_WHAT THE TASK REQUIRES_
Write out the data exactly, please, and omit the pictures.

_THE DATA_
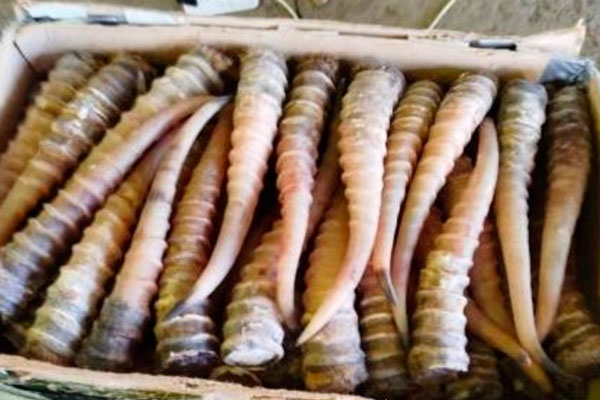 «Не знал о рогах?» - В Хабаровске таможня задержала контрабандиста с рогами сайгака | Контрабанда рогов сайгака в Хабаровске: уголовное дело против водителя автобуса «Не знал о рогах?» - В Хабаровске таможня задержала контрабандиста с рогами сайгака | Контрабанда рогов сайгака в Хабаровске: уголовное дело против водителя автобуса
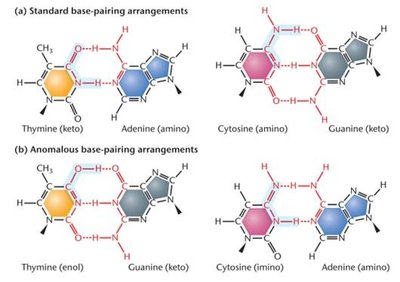 Standard and anomalous base-pairing arrangements due to tautomeric shifts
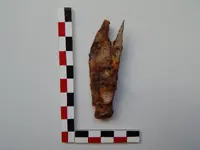 DSCN7293.webp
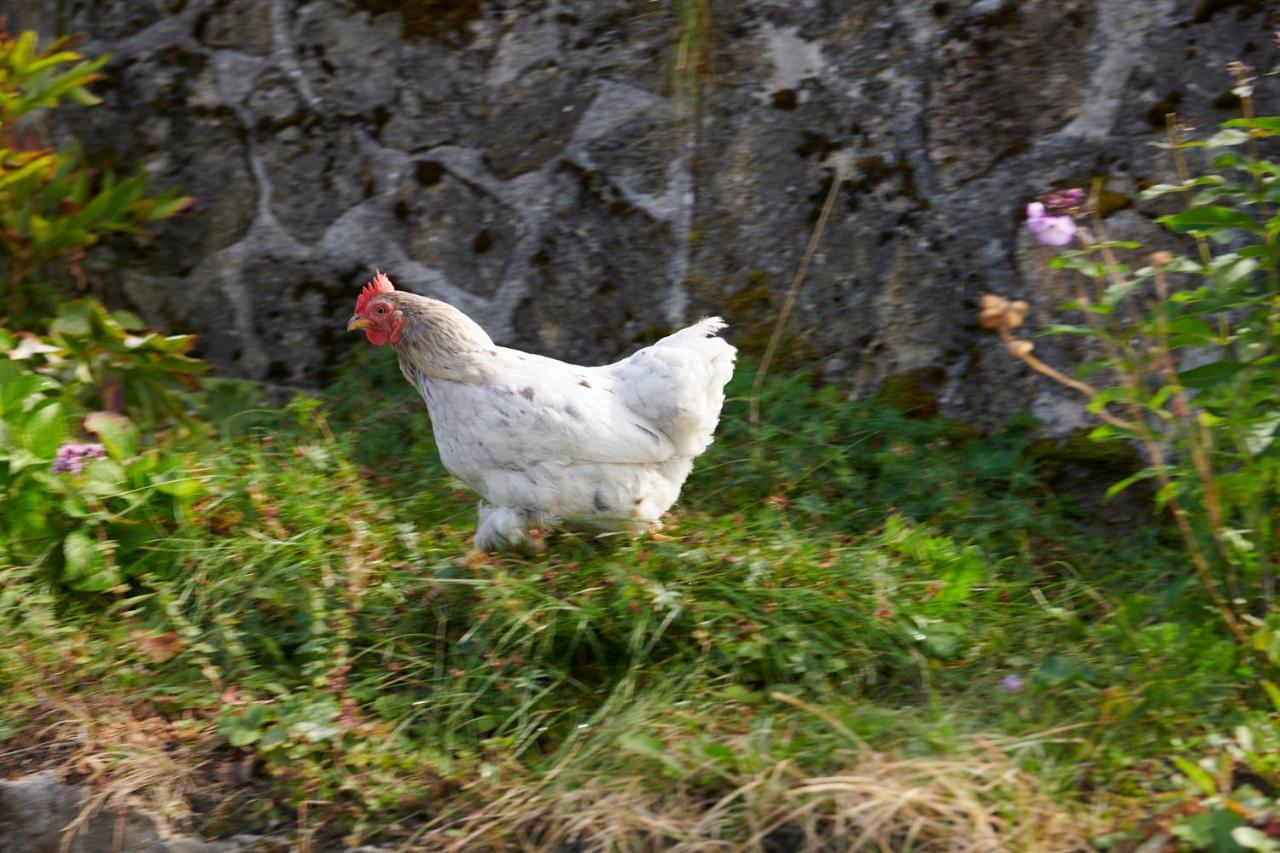 וילינגן The Conscious Farmer Bed And Breakfast Sauerland מראה חיצוני תמונה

_ANSWER FOR THE TASK_
 «Не знал о рогах?» - В Хабаровске таможня задержала контрабандиста с рогами сайгака | Контрабанда рогов сайгака в Хабаровске: уголовное дело против водителя автобуса «Не знал о рогах?» - В Хабаровске таможня задержала контрабандиста с рогами сайгака | Контрабанда рогов сайгака в Хабаровске: уголовное дело против водителя автобуса
 Standard and anomalous base-pairing arrangements due to tautomeric shifts
 DSCN7293.webp
 וילינגן The Conscious Farmer Bed And Breakfast Sauerland מראה חיצוני תמונה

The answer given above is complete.